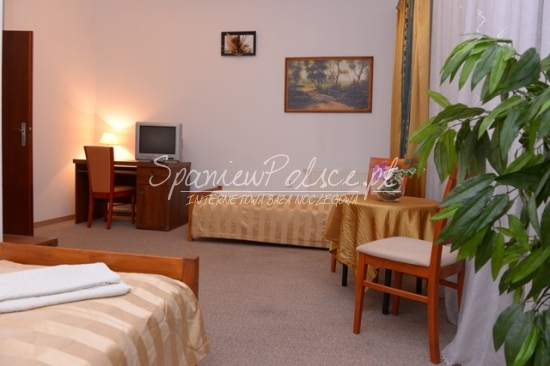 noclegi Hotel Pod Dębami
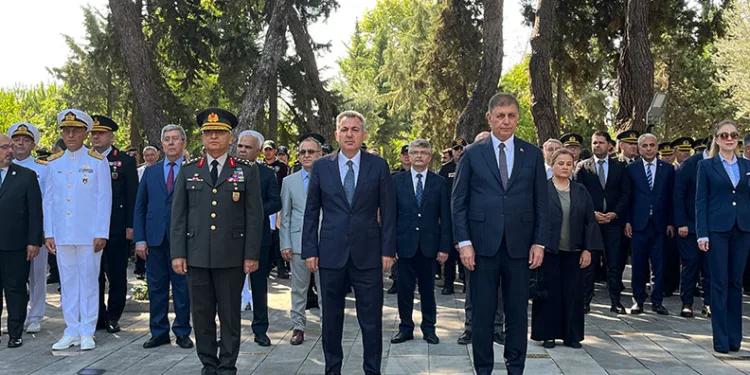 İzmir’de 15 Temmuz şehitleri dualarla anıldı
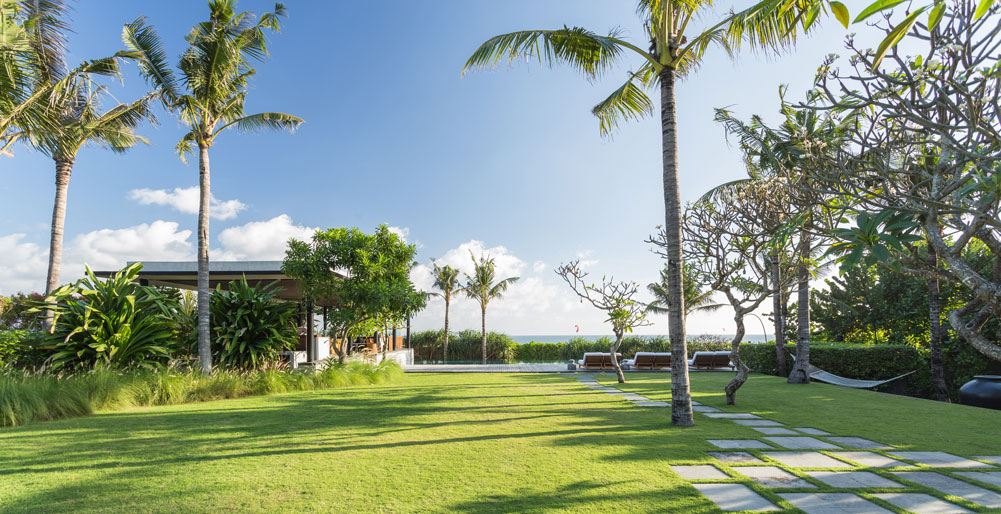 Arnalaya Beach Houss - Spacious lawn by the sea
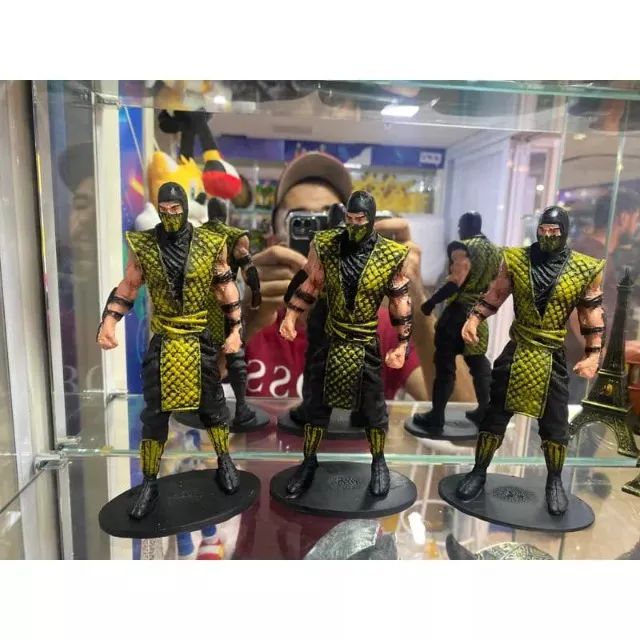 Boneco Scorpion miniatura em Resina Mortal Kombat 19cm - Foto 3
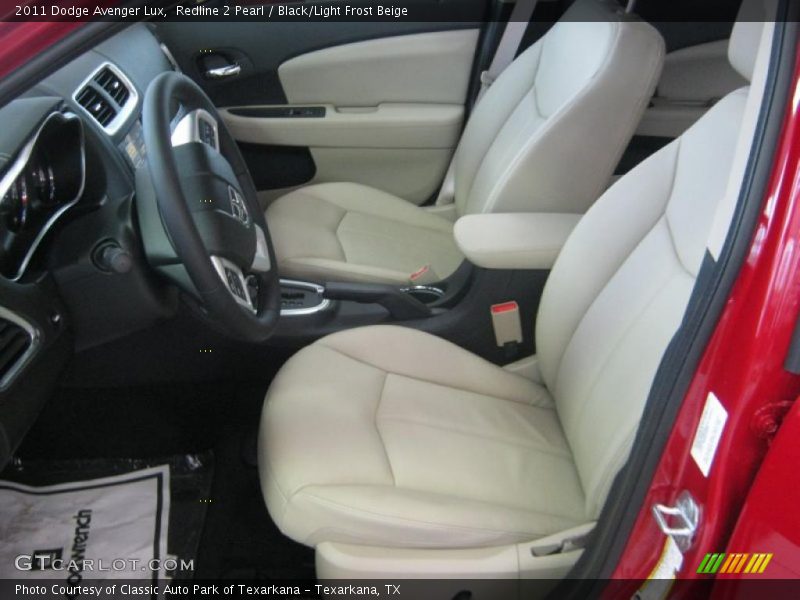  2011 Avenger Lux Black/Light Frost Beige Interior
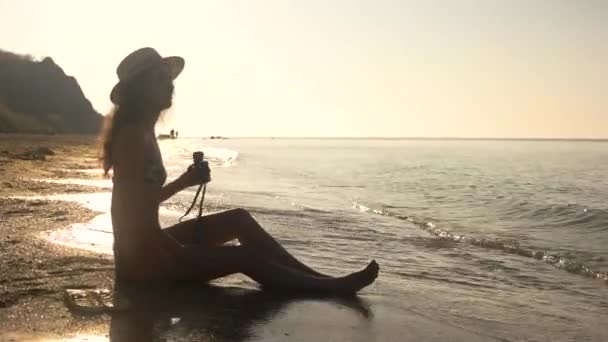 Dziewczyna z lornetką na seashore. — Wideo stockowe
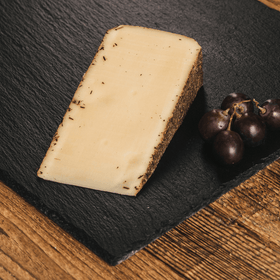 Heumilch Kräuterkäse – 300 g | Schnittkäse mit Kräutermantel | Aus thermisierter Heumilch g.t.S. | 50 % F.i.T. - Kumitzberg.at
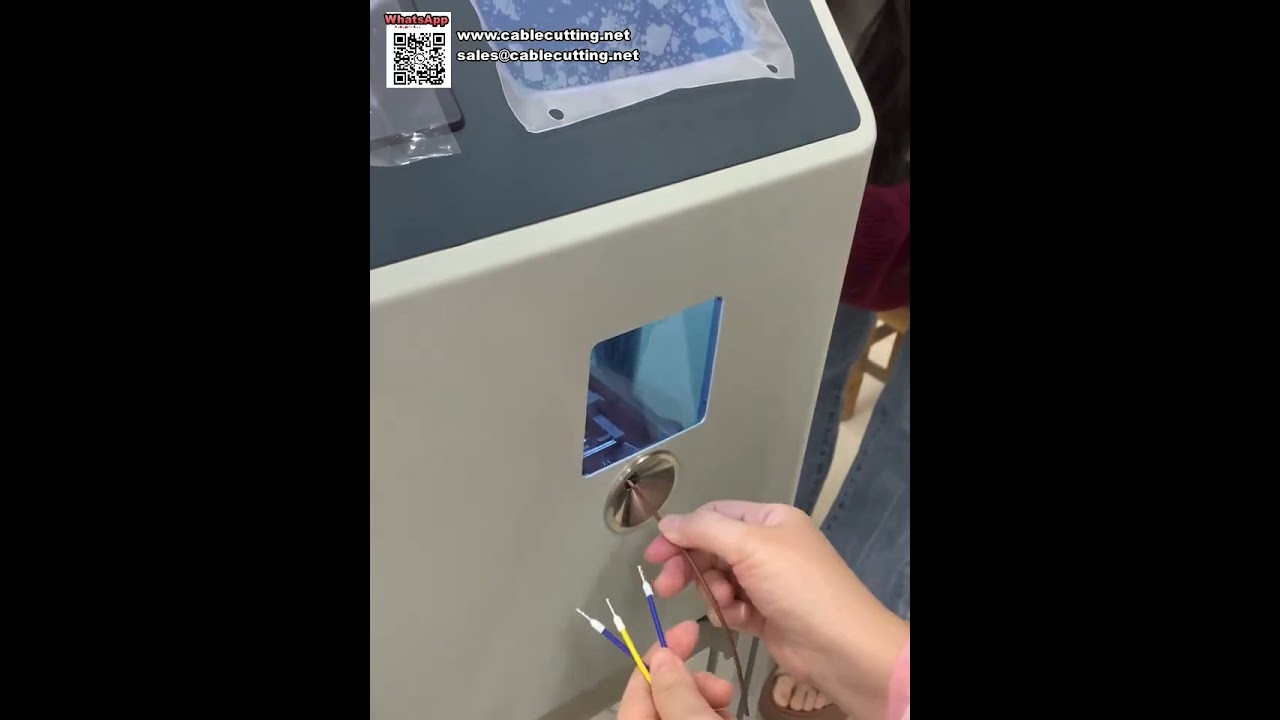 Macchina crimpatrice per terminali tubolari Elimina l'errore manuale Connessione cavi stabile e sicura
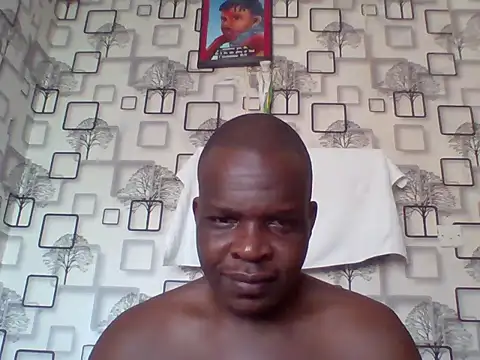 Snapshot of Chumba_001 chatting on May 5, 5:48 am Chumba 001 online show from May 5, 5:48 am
::::::::::
GOAL OF THE EXERCISE
Reproduce the final stretch of lines exactly: the line containing "Boneco Scorpion miniatura" through the last line of the data, both included. Pictures do not belong in the copy.

RESULT OF THE EXERCISE
 Boneco Scorpion miniatura em Resina Mortal Kombat 19cm - Foto 3
  2011 Avenger Lux Black/Light Frost Beige Interior
 Dziewczyna z lornetką na seashore. — Wideo stockowe
 Heumilch Kräuterkäse – 300 g | Schnittkäse mit Kräutermantel | Aus thermisierter Heumilch g.t.S. | 50 % F.i.T. - Kumitzberg.at
 Macchina crimpatrice per terminali tubolari Elimina l'errore manuale Connessione cavi stabile e sicura
 Snapshot of Chumba_001 chatting on May 5, 5:48 am Chumba 001 online show from May 5, 5:48 am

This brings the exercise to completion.